About this task: Everything in the entries except the pictures must be duplicated exactly.

Data for review:
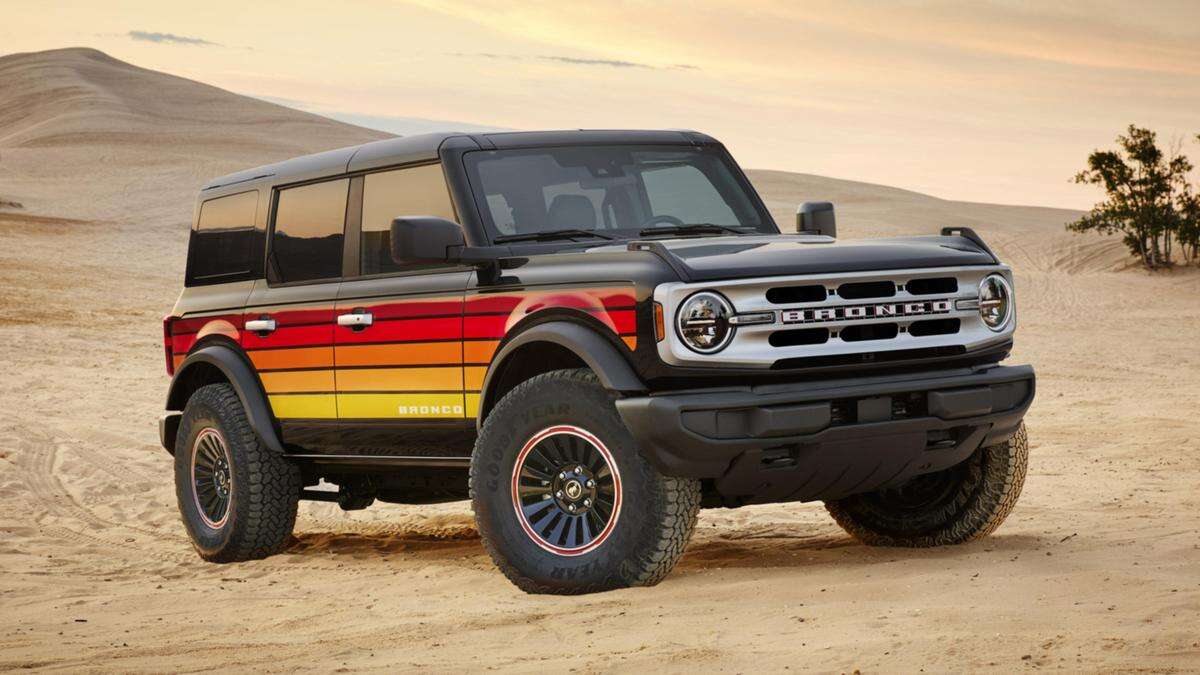 Retro Ford Bronco is a throwback to the age of disco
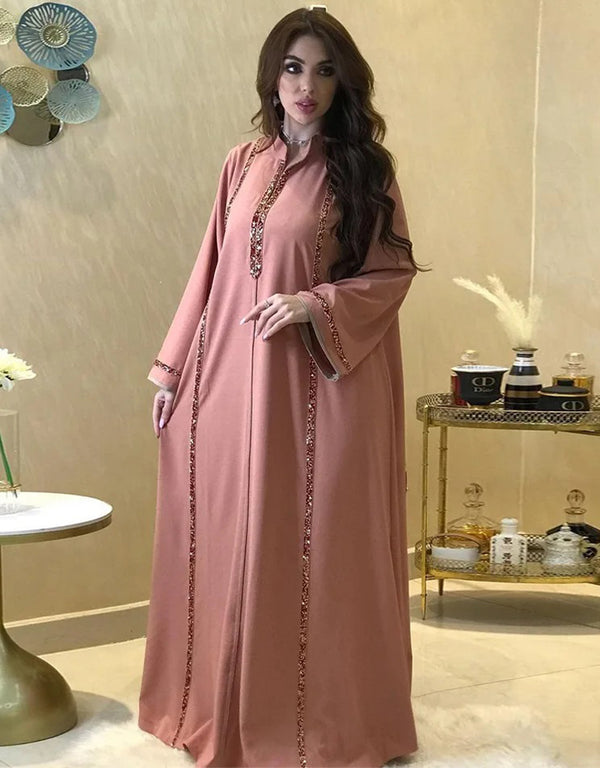 Diamond Dazzle: Unleash Your Inner Star in This Luxurious Abaya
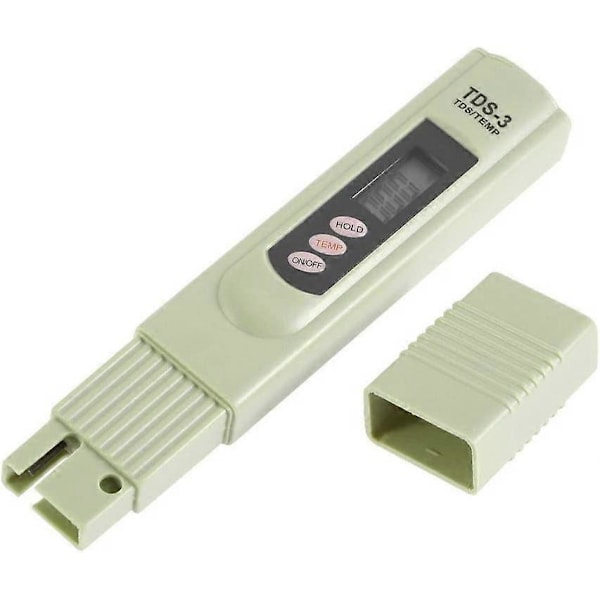 LCD TDS-3 Dricksvattenkvalitetsmätare Digital Testare Temperatur PPM Testmätare Penna Analysator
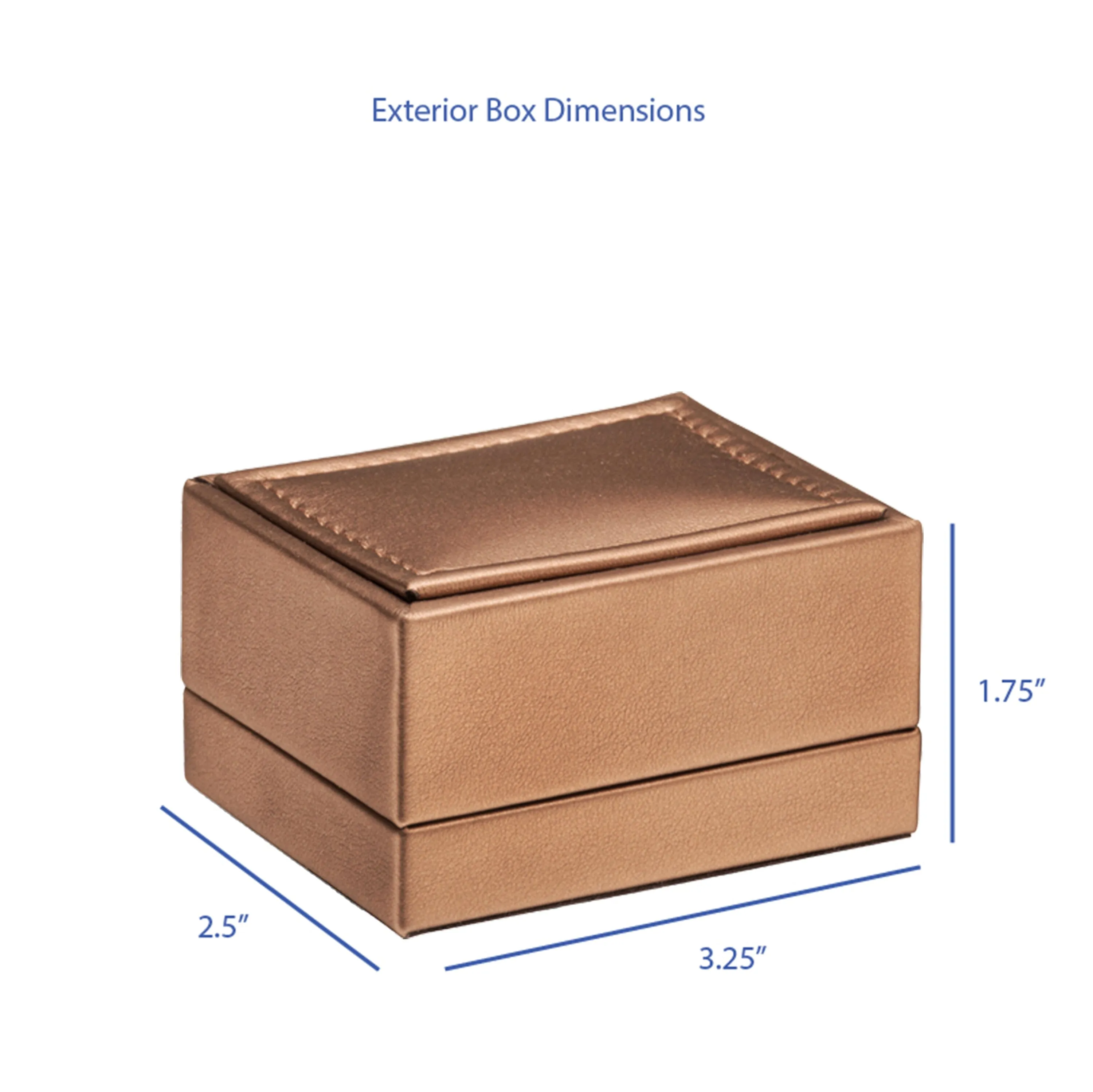 Luxury Leather Cufflink Box, Opulent Collection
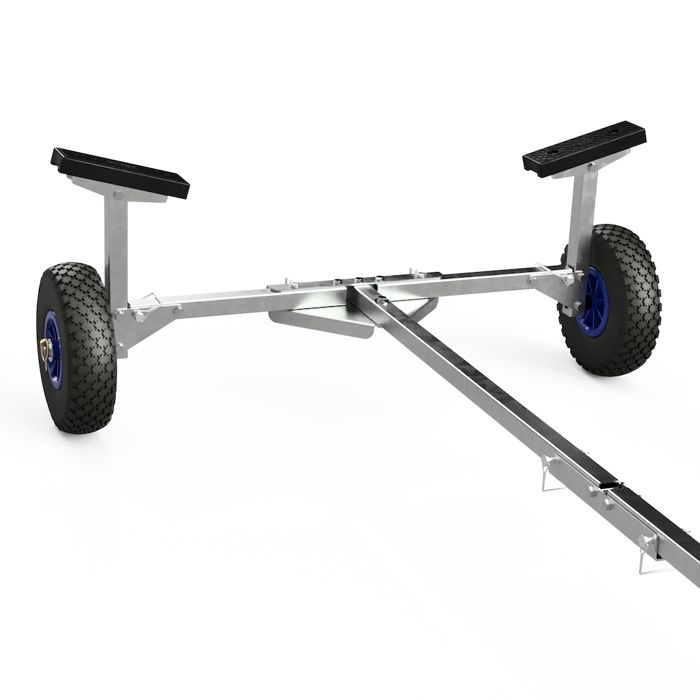 Qiilu Lot De 2 Roues De Mise à L'Eau Pour Bateaux Gonflables - Nylon, Montage Facile, Pour Kayak, Radeau, Bateau Pneumatique Et Aluminium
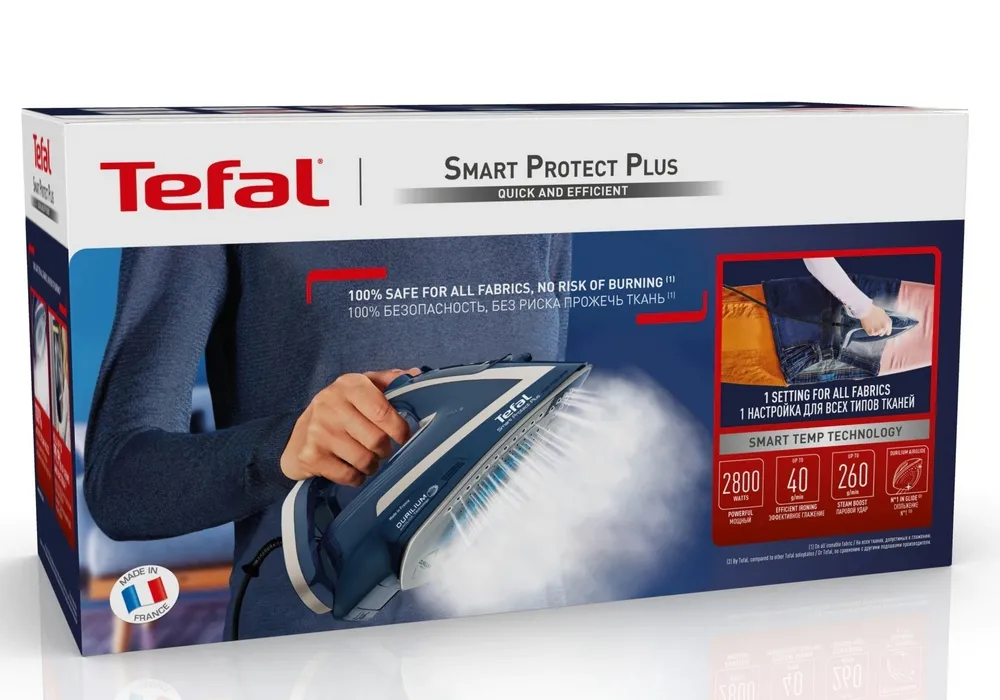 Fier de călcat Tefal FV6872E0, 2800W, Albastru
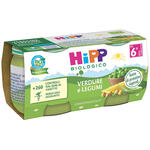 Hipp - Bio omogeneizzato verdure/legumi 2x80 g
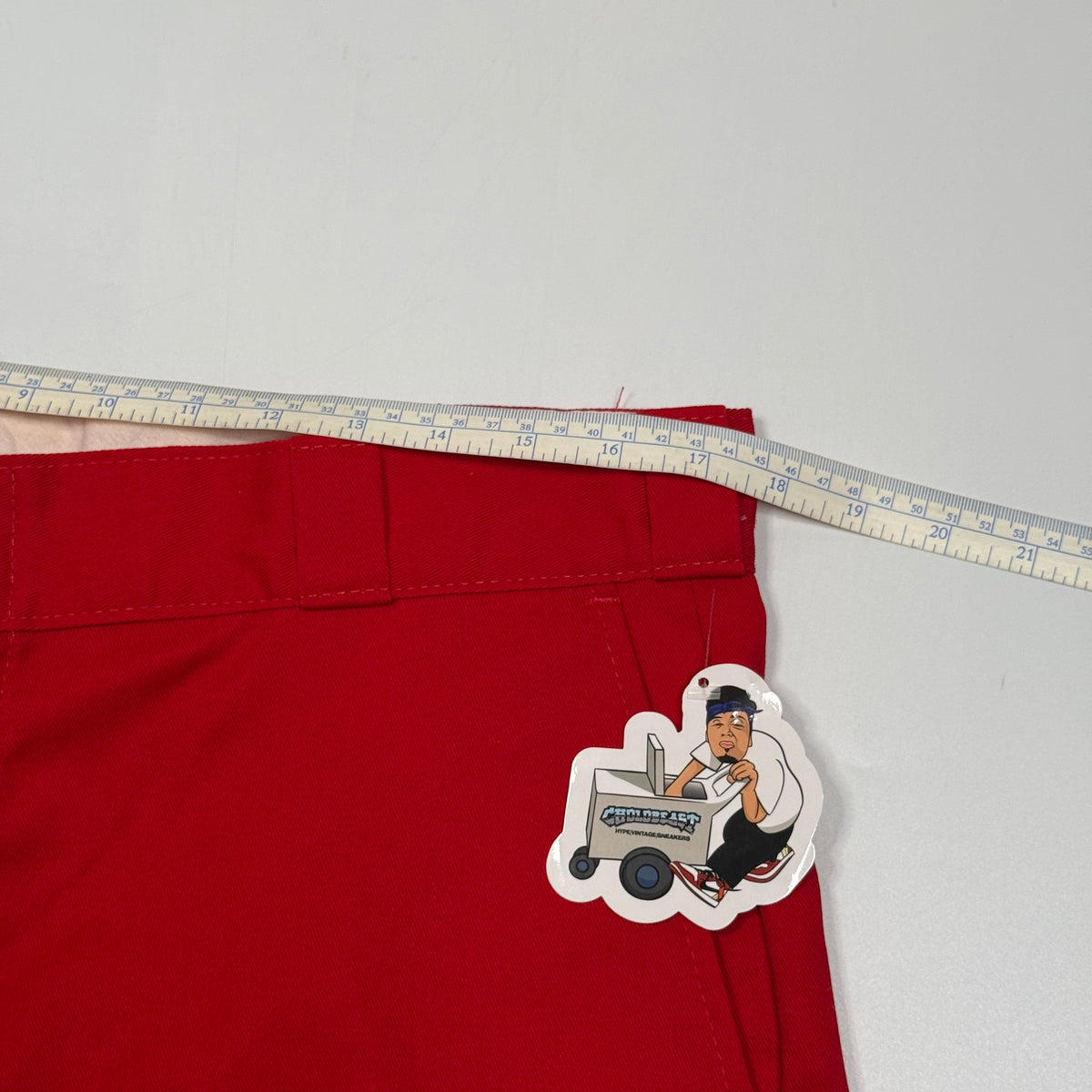 Y2K Dickies Loose Fit Oversize Red Shorts 36"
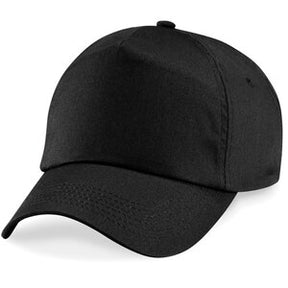 Baseball Cap 100% Cotton Twill Black - Indigo Supplies Ltd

Answer area:
 Retro Ford Bronco is a throwback to the age of disco
 Diamond Dazzle: Unleash Your Inner Star in This Luxurious Abaya
 LCD TDS-3 Dricksvattenkvalitetsmätare Digital Testare Temperatur PPM Testmätare Penna Analysator
 Luxury Leather Cufflink Box, Opulent Collection
 Qiilu Lot De 2 Roues De Mise à L'Eau Pour Bateaux Gonflables - Nylon, Montage Facile, Pour Kayak, Radeau, Bateau Pneumatique Et Aluminium
 Fier de călcat Tefal FV6872E0, 2800W, Albastru
 Hipp - Bio omogeneizzato verdure/legumi 2x80 g
 Y2K Dickies Loose Fit Oversize Red Shorts 36"
 Baseball Cap 100% Cotton Twill Black - Indigo Supplies Ltd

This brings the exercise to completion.